TCC Routing: macOS Transparency, Consent, and Control blocks direct keyboard input from background processes. Siddhi routes keyboard commands through a persistent Terminal.app daemon that holds the necessary TCC grants -- invisible to the user, zero-latency overhead.
server.js Express server (port 7888)
|
+-- modules/
| +-- computer-use.js Siddhi agent core (~2800 lines)
| | Screenshot loop, OPAR cycle, escalation,
| | AppleScript fallback, trajectory capture
| +-- learning.js 3-layer Phronesis pipeline
| +-- ax-grounding.js Hybrid AX + ShowUI coordinate grounding
| +-- input-bridge.js Keyboard routing through TCC daemon
| +-- trajectory.js Task trajectory capture and replay
| +-- cross-app-workflow.js Multi-application coordination
| +-- macro-recorder.js Workflow recording and playback
| |
| +-- brain.js General orchestrator (~2050 lines)
| | ContextBuilder, ToolExecutor, BrainOrchestrator
| +-- brain-learning.js Brain-level Phronesis (separate store)
| +-- brain-tool-forge.js LLM-generated tool creation (max 50)
| +-- brain-macos-bridge.js macOS app control (Mail, Calendar, etc.)
| +-- brain-agents.js Multi-agent delegation (5 profiles)
| +-- brain-scheduler.js Cron/interval task scheduling
| +-- brain-proactive-memory.js Predictive memory retrieval
| +-- brain-memory.js SQLite + FTS5 long-term memory
| +-- brain-heartbeat.js System health monitoring
| |
| +-- 22 additional modules (see modules/ directory)
|
+-- showui-worker.py ShowUI-2B persistent vision process
+-- capy-ax-helper.sh AX accessibility routing
+-- capy-screenshot.sh Screenshot daemon (TCC-aware)
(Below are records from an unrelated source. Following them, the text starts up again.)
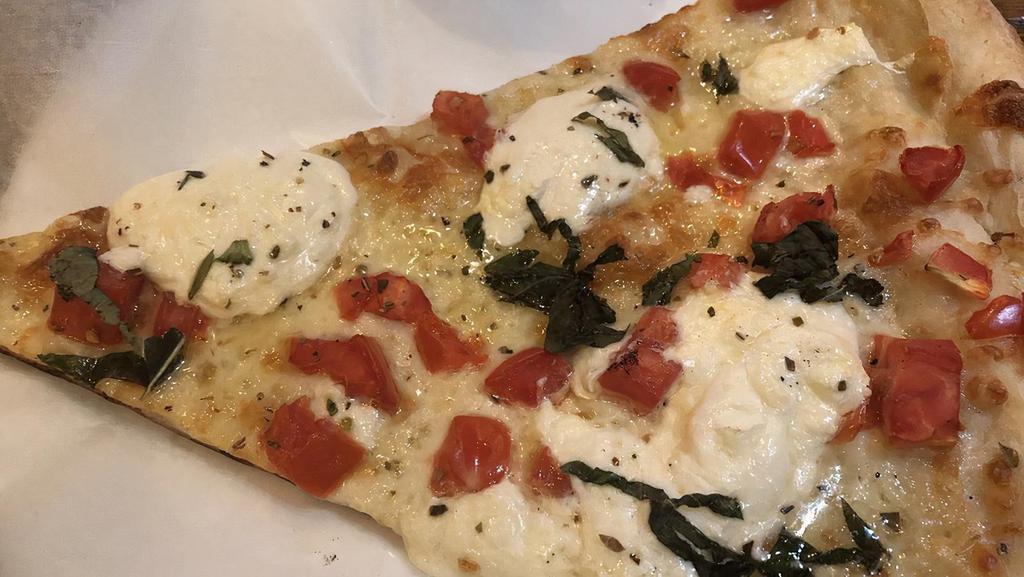 Caprese Pizza · Crispy round pie with fresh mozzarella, sliced tomatoes, and fresh basil. Drizzled with extra virgin olive oil and balsamic glaze.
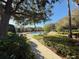 View of a community swimming pool with lounge chairs and lush landscaping in a serene environment at 10210 Hartford Maroon Rd, Orlando, FL 32827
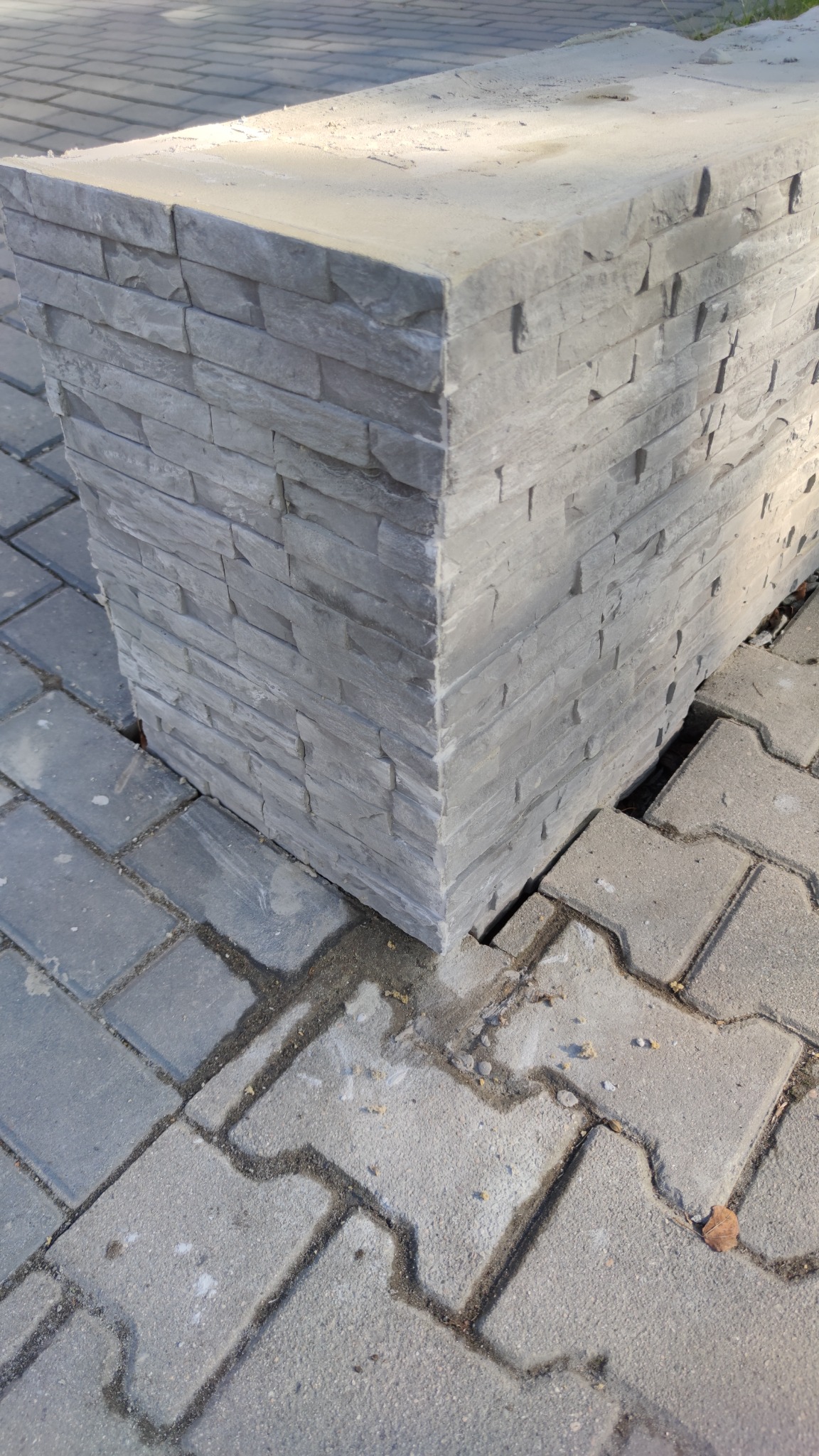 Szary, betonowy słupek z imitacją kamienia na kostce brukowej, widoczne niedokładności w dopasowaniu kostki wokół słupka.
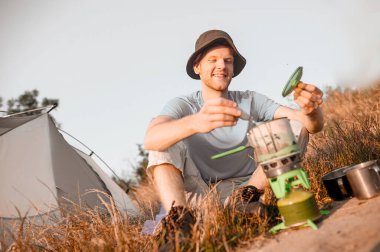 Bir erkek turist çadırının yanında kahvaltı yapıyor.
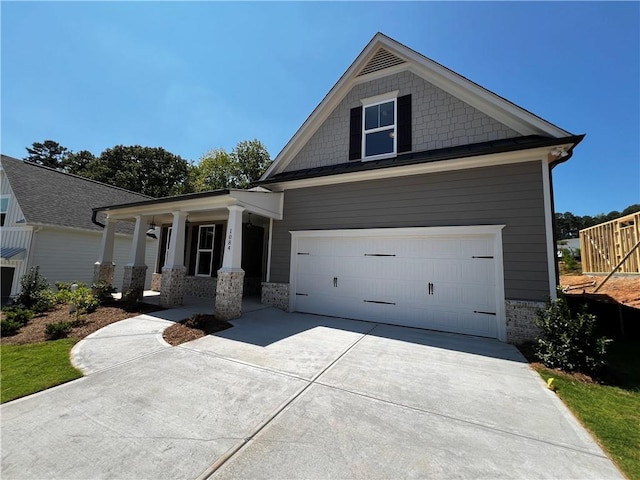 craftsman inspired home with a garage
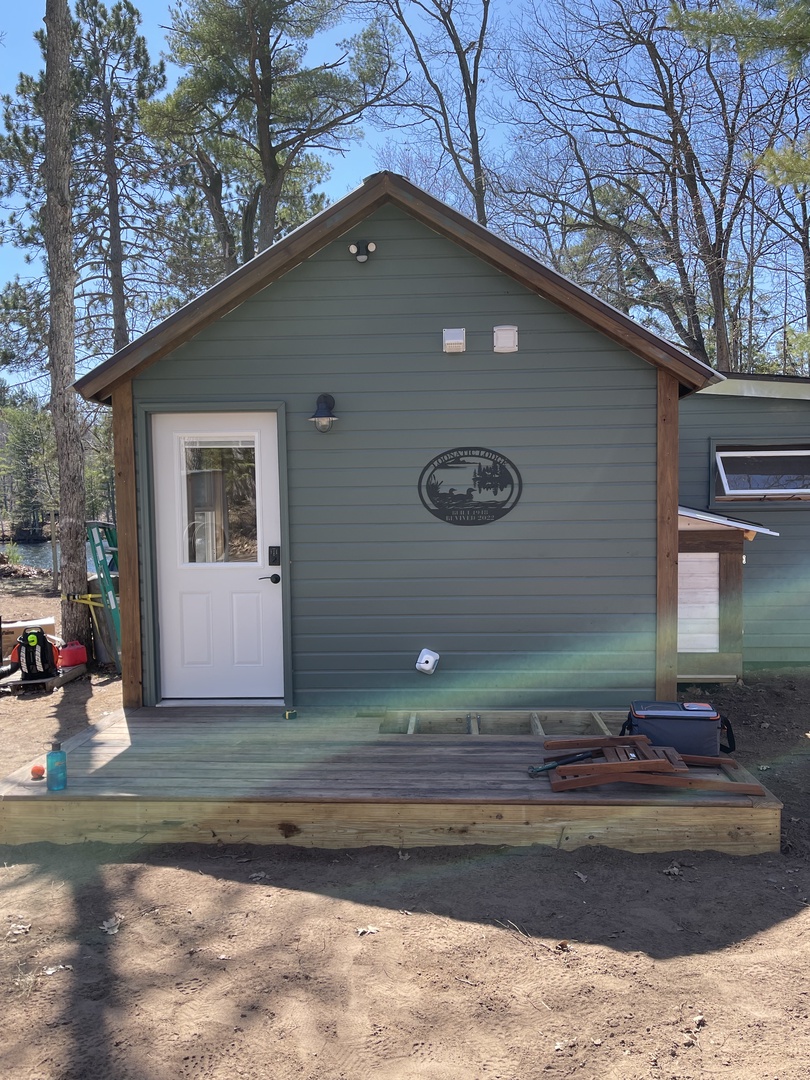 Charming green cottage with historic character welcomes you home.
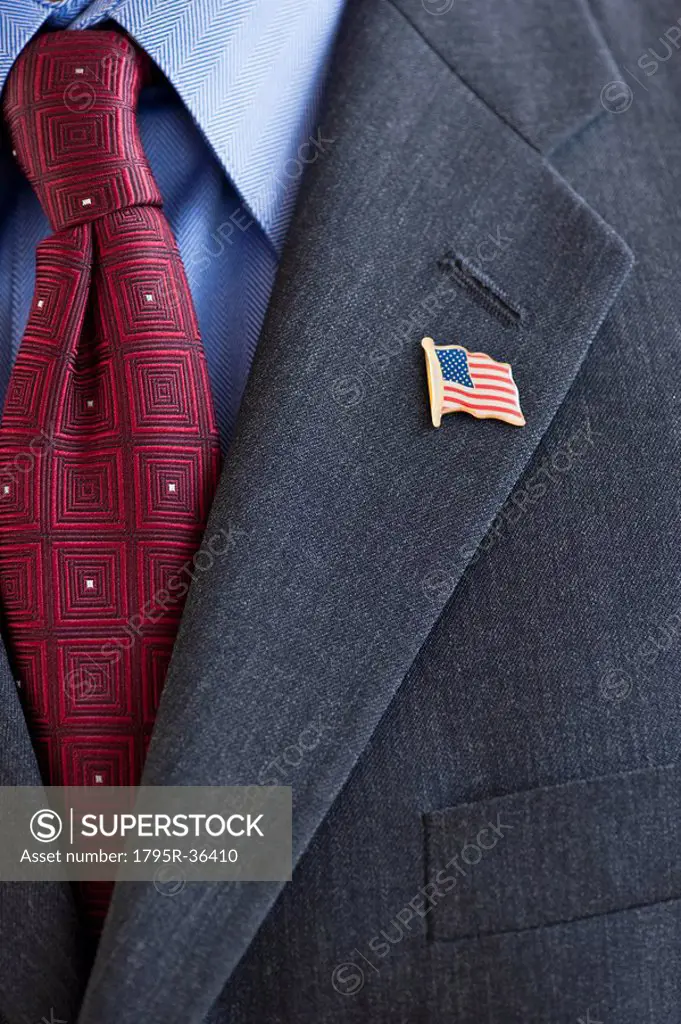Business suit with pin of American flag on lapel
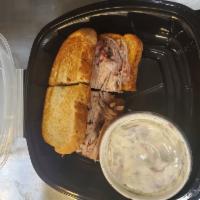 Pulled Pork Sandwich with 1 Side · Pork sandwich served on Texas toast with 1 side.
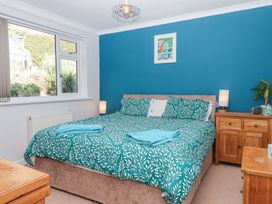 A bedroom with a double bed with patterned bedding a blue accent wall wooden bedside tables and a window at House of Emma in Paignton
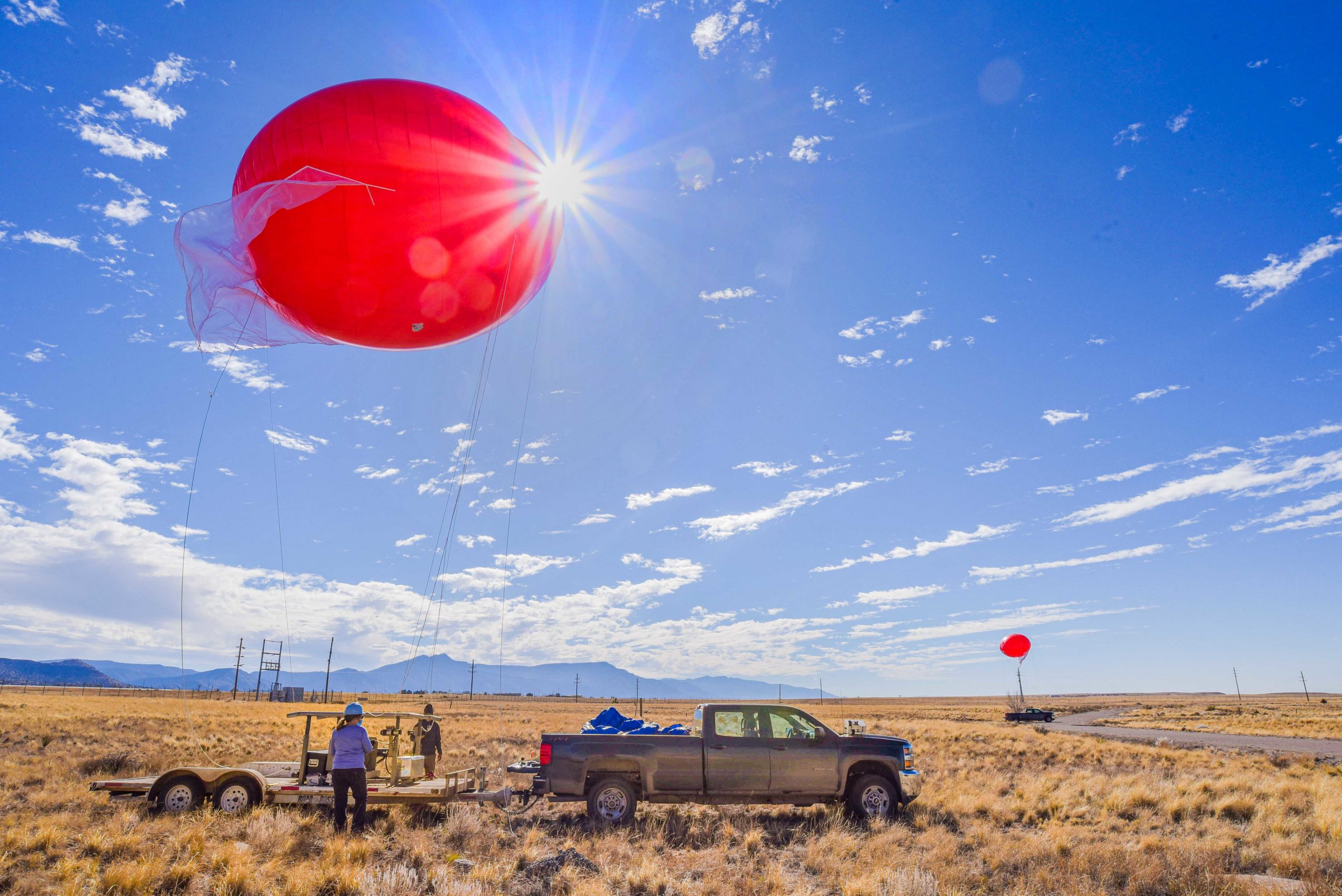 Dari Dexheimer, Sandia National Laboratories’ tethered-balloon expert, and her team prepare the 22-foot-wide, tethered, helium balloons for launch on a gorgeous fall morning.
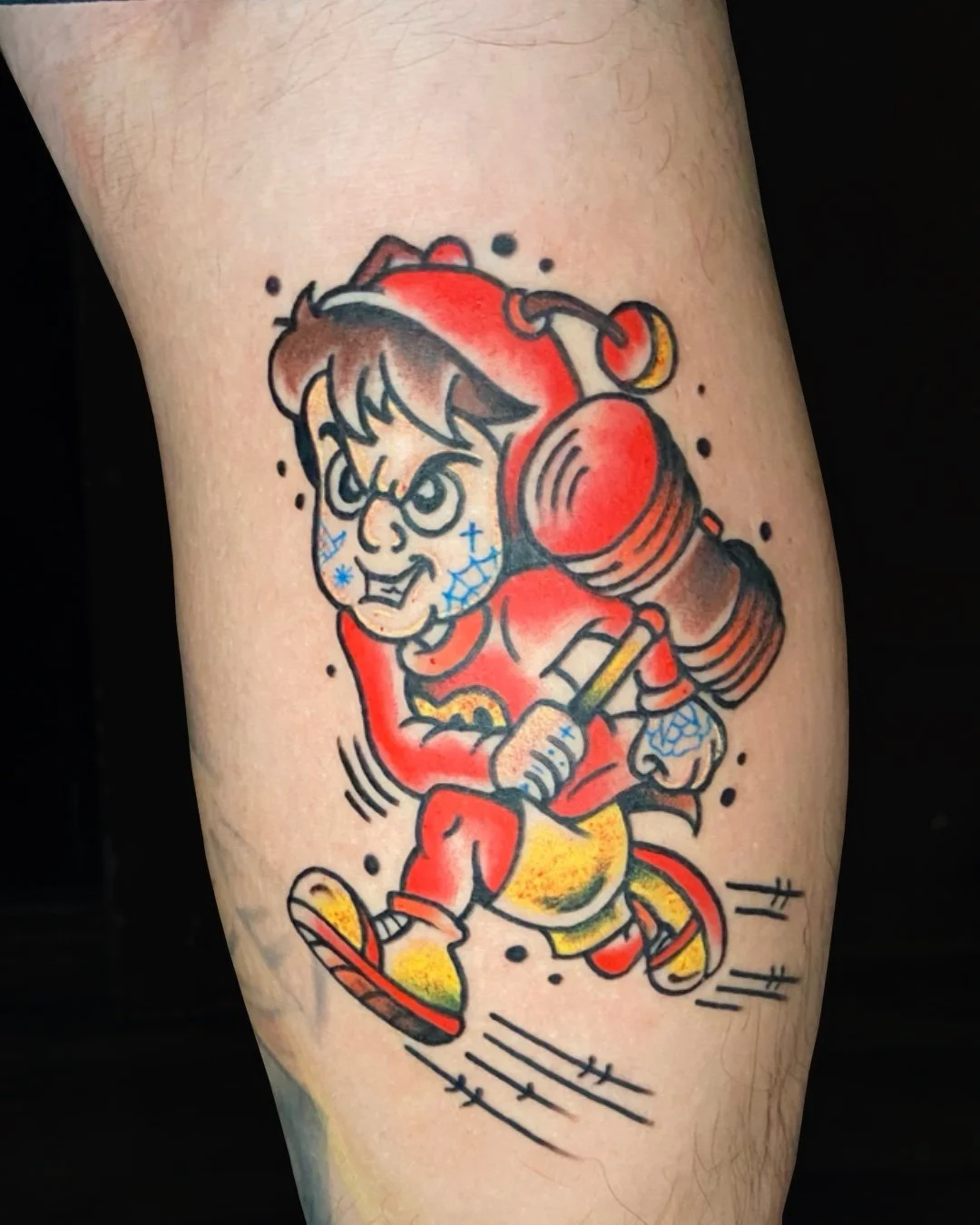 American Traditional style Chapulin Colorado tattoo in West Palm Beach, Florida, inspired by the iconic Mexican pop culture character. This tattoo blends bold outlines, solid color saturation, and classic tattoo principles with a playful and nostalgi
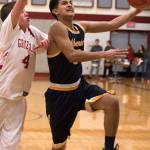 Aberdeens Javier Bojorge goes around Hoquiams Bryson Eccles for a layup on Monday. Bojorge finished with 19 points in the Bobcats 81-59 victory. (Brendan Carl Photography)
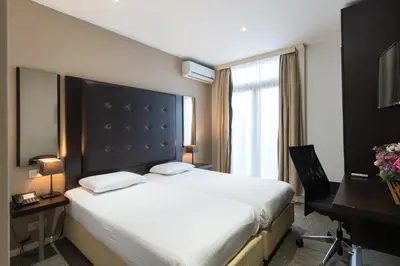 a hotel room with a large bed and a desk at Hotel Chambord in Brussels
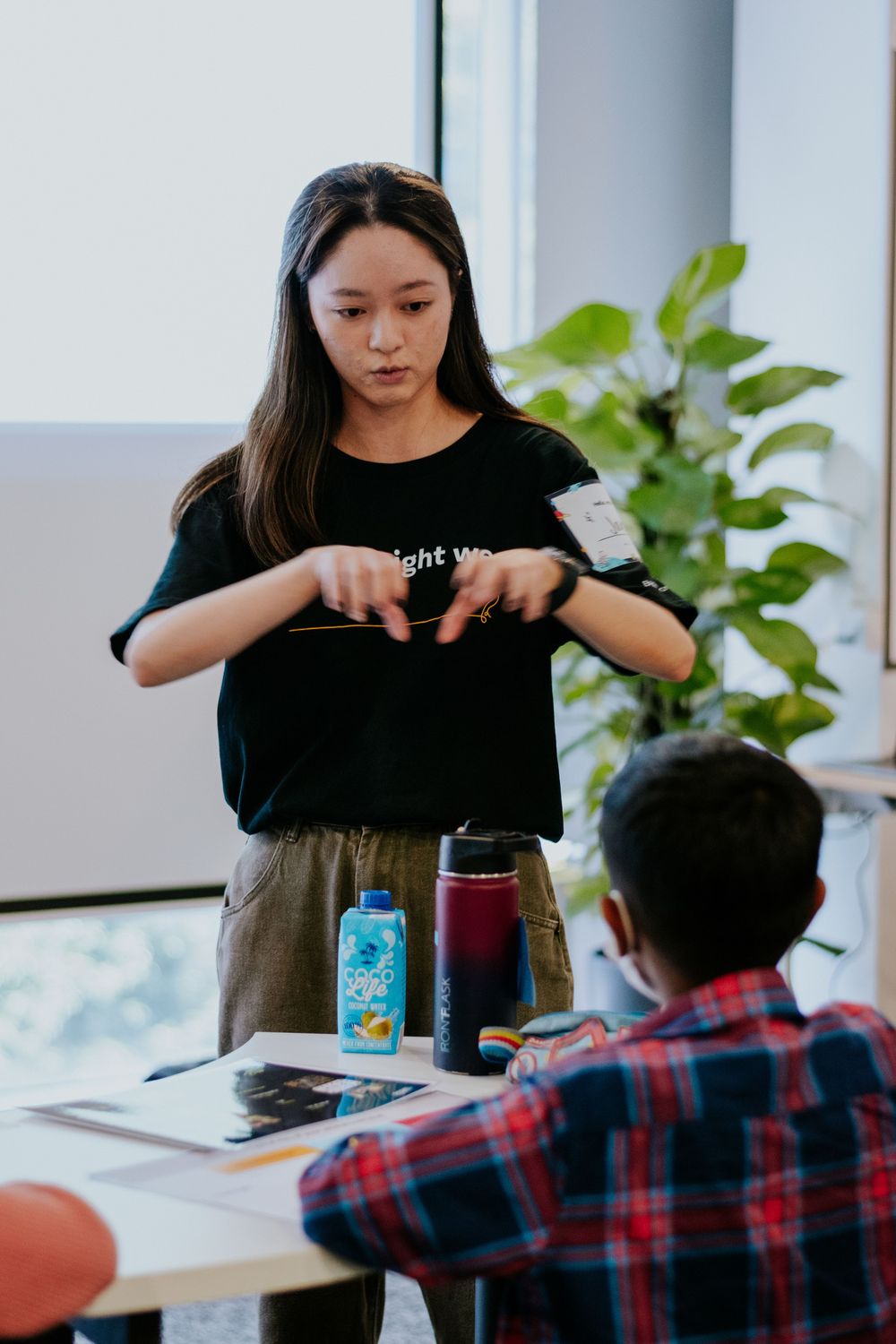 Students collaborate at a desk with reusable water bottles and a houseplant in the background of a modern workspace.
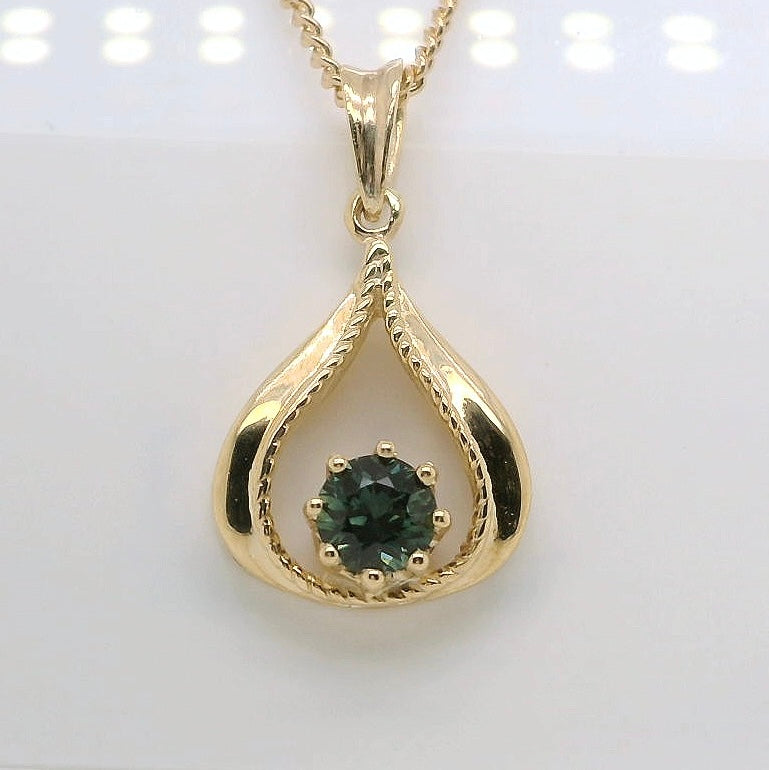 Elegant Pendant set with a Green Australian Sapphire. M92128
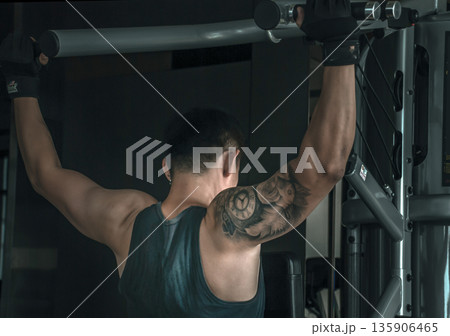The back of bodybuilders exercise with lifting weights on an exercising machine in gym or fitness club. 135906465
+-- brain/IDENTITY.md Aristotelian reasoning framework
41 modules. 45+ tool schemas. 15,000+ lines. One self-improving system.
| Capability | Siddhi | Anthropic CUA | OpenAI Operator | Google Mariner | UFO2 | OpenSpace |
|---|---|---|---|---|---|---|
| Desktop OS agent | Yes | Yes | Yes | Yes | Yes | No |
| Runtime learning (no retraining) | Yes | No | No | No | No | Yes |
| Cross-task pattern detection | Yes | No | No | No | No | Yes |
| Data-adaptive graduation | Yes | No | No | No | No | No |
| Tool self-creation | Yes | No | No | No | No | Yes |
| Hybrid AX + vision grounding | Yes | No | No | No | No | No |
| Experience transfer across modules | Yes | No | No | No | No | No |
| Escalation (Sonnet -> Opus) | Yes | N/A | N/A | N/A | No | No |
OpenSpace (HKUDS, 2025) pioneered self-evolving skills for coding agents. Siddhi brings that paradigm to real desktop computer use -- where the agent must see pixels, click coordinates, and navigate a GUI that changes with every action.
- macOS 15+ (tested on macOS 26.x, Apple Silicon)
- Node.js 18+
- Python 3.10+ with MLX (for ShowUI-2B vision model)
- Accessibility permissions granted to Terminal.app
- Claude API access (Sonnet 4.6 default, Opus 4.6 for escalation)
git clone https://github.com/ndpvt-web/atlas.git
cd atlas
npm install
# Configure .env with your API keys
npm startBuilt March 2026. From first screenshot capture to graduated strategies in 18 days.
| Date | Milestone |
|---|---|
| Mar 8-10 | Computer-use agent core: screenshot loop, action execution |
| Mar 10 | ShowUI-2B vision grounding integration |
| Mar 11 | AX hybrid grounding, Phronesis pipeline, Brain-Siddhi bridge |
| Mar 14-16 | Trajectory system, macro recording, cross-app workflows |
| Mar 17-18 | Input Bridge (TCC keyboard fix), efficiency optimizations |
| Mar 25 | Public repository |
Siddhi: because an agent that forgets everything it learned is just an expensive screenshot viewer.